ACTIVITY:
Retype the lines below exactly, but only those from the line that has "Quién es Ewan" through the line that has "bemper Avanza Veloz 2016-2018". Omit every picture.

DATA LISTING:
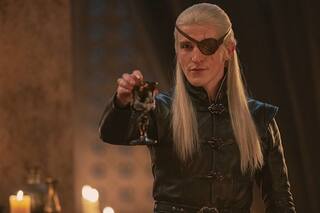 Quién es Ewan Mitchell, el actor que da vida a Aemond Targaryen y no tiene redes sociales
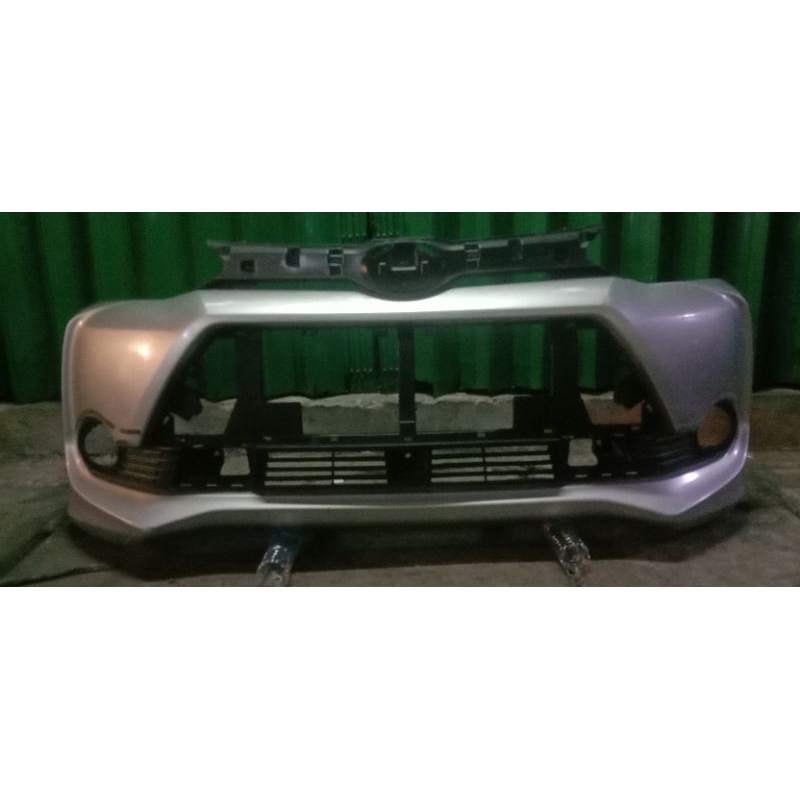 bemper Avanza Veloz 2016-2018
--
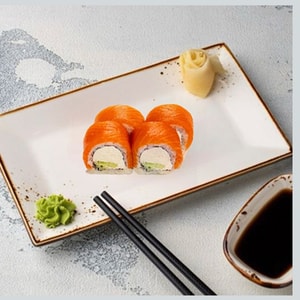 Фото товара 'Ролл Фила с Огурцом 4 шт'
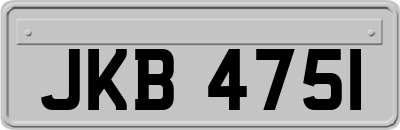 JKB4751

FINISHED EXERCISE:
 Quién es Ewan Mitchell, el actor que da vida a Aemond Targaryen y no tiene redes sociales
 bemper Avanza Veloz 2016-2018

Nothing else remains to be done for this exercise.